Le CNR Annonce une Refondation pour Renouveler ses Engagements

Le Conseil National de Résistance (CNR), fondé en 1992 par le colonel Abbas Koty Yacoub, a dévoilé un manifeste ambitieux visant à réorienter ses activités et à moderniser ses structures, tout en rendant hommage à ses figures historiques.

Issu d’un héritage de lutte contre l’oppression et l’injustice, le CNR souligne l’importance de l’héritage d’Abbas Koty ainsi que celui d’autres héros nationaux comme Hassan Djamous et Maldoum Bada Abbas. Le texte adopté insiste sur la nécessité de reconnaître ces figures emblématiques pour leur contribution à la lutte pour la liberté au Tchad. L’objectif principal du CNR, selon le manifeste, est de promouvoir la politique comme un outil pour le bien commun, marqué par des valeurs éthiques et morales fondamentales.

Une Refondation en Quatre Axes

Le manifeste illustre une volonté affirmée de rénovation, axée sur l’adaptation du mouvement face aux évolutions sociales et politiques contemporaines. Ce projet de refondation, structuré autour de quatre axes principaux, vise à :

  1. Moraliser la vie politique et restaurer l’éthique publique.
  2. Consolider la réconciliation nationale et renforcer la paix.
  3. Moderniser les structures internes du CNR.
  4. Participer de manière active au processus de Désarmement, Démobilisation et Réinsertion (DDR) découlant de l’Accord de Doha.

Dans cette démarche, le CNR met également en avant la lutte contre le népotisme, la corruption et le clanisme, tout en réaffirmant son attachement aux valeurs de liberté, de souveraineté et de justice sociale.

Une Gestion Critique

Le manifeste ne se limite pas à des aspirations, mais propose également un diagnostic sévère concernant la gestion récente du mouvement. Il évoque en particulier l’échec du président intérimaire, M. Béchir Nassir Hissein, qui a été accusé d’avoir paralysé le CNR pendant trois ans. En conséquence, une décision officielle a été prise pour l’exclure définitivement du mouvement pour “abus de confiance” et “incompétence notoire”.

Dr Abdel Aziz Abdallah Kodok a été désigné comme président par intérim, investi de pouvoirs élargis pour restaurer l’unité et préparer un congrès national extraordinaire, une étape jugée essentielle pour la transformation du mouvement.

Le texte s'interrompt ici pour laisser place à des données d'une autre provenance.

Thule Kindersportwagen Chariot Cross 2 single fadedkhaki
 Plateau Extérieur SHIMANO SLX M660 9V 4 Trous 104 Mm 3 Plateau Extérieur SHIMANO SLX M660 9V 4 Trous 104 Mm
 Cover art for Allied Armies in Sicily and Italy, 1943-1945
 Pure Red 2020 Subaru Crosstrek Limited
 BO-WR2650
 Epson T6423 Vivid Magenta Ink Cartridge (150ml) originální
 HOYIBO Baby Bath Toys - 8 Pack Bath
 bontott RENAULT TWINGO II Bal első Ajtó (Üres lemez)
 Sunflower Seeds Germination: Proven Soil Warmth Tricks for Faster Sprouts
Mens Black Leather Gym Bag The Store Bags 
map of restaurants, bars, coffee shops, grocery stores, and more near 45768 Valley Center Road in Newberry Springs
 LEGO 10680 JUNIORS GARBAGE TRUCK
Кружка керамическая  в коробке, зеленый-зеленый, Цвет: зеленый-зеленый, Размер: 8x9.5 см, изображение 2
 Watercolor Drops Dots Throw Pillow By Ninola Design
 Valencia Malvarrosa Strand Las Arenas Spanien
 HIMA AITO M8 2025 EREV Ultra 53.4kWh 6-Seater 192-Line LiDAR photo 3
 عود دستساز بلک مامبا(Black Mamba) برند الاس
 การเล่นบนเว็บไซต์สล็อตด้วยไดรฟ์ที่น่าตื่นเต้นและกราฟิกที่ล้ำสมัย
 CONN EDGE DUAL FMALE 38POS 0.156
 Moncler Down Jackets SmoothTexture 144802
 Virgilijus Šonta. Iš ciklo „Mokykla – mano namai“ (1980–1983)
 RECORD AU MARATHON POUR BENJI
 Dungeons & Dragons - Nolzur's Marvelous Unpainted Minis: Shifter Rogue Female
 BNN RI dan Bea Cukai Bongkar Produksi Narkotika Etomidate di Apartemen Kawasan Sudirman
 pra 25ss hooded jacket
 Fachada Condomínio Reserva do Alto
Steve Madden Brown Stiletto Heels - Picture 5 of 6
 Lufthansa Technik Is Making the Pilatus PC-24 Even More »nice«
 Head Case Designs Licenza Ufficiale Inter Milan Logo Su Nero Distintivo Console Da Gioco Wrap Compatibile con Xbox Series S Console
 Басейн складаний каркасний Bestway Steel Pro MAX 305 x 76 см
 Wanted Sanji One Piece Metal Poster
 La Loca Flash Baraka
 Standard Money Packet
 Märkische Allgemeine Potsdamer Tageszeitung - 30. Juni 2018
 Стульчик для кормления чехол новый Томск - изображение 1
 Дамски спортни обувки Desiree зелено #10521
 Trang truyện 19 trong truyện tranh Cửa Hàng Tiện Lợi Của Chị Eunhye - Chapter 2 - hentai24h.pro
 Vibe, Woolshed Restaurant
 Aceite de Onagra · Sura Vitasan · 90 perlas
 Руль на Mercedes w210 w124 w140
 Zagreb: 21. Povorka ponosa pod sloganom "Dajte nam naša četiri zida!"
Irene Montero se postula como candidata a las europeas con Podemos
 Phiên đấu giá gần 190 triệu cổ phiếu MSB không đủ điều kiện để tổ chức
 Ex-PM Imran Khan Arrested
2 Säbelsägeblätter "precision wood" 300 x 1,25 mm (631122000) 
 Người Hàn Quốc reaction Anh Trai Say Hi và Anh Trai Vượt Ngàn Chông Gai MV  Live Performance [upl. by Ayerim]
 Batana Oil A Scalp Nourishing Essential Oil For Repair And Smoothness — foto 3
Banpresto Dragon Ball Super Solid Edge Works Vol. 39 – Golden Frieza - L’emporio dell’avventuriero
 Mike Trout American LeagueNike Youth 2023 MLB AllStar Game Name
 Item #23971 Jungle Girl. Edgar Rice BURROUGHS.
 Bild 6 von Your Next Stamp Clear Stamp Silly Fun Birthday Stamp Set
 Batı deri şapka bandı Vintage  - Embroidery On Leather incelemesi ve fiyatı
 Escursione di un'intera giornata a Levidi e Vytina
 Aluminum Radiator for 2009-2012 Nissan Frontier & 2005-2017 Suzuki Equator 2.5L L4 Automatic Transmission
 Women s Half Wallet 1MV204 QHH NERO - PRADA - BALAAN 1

Création d’une Direction Politique Provisoire

Pour faciliter cette transition, le CNR a mis en place une Direction Politique Provisoire (DPP) composée de diverses parties prenantes, incluant des sages, des jeunes, des étudiants et des représentants de la diaspora. Cette structure est responsable de plusieurs missions cruciales :

  • Mettre en œuvre le programme de réforme.
  • Moderniser le mouvement.
  • Préparer le congrès national à venir.
  • Assurer le suivi de l’Accord de Doha.

Un Appel à l’Unité Nationale

Au-delà de ses enjeux internes, le CNR a réaffirmé l’urgence de l’unité et de la solidarité parmi le peuple tchadien. Dans un contexte marqué par des crises politiques dans plusieurs pays voisins, le manifeste rappelle que le Tchad émerge d’une transition fragile, où l’unité nationale est devenue cruciale. Le CNR a exprimé sa volonté de collaborer avec les autorités dans le cadre du processus de paix, ce qui souligne une ouverture au dialogue.

Vers une Renaissance du Mouvement

La publication de ce manifeste témoigne d’une volonté de renaissance pour le CNR après plus de trois décennies de conflits internes. Loin de se limiter à la résistance, le mouvement aspire désormais à changer de cap, favorisant l’action collective et démocratique. "De la résistance à la construction, de la confrontation à la proposition", conclut le texte, marquant une nouvelle étape pour le CNR.

Signé à N’Djamena le 22 octobre 2025, ce manifeste représente un tournant déterminant pour le mouvement, sous la direction du Dr Abdel Aziz Abdallah Kodok, qui se positionne non seulement comme un leader par intérim, mais aussi comme le porte-parole d’une vision renouvelée.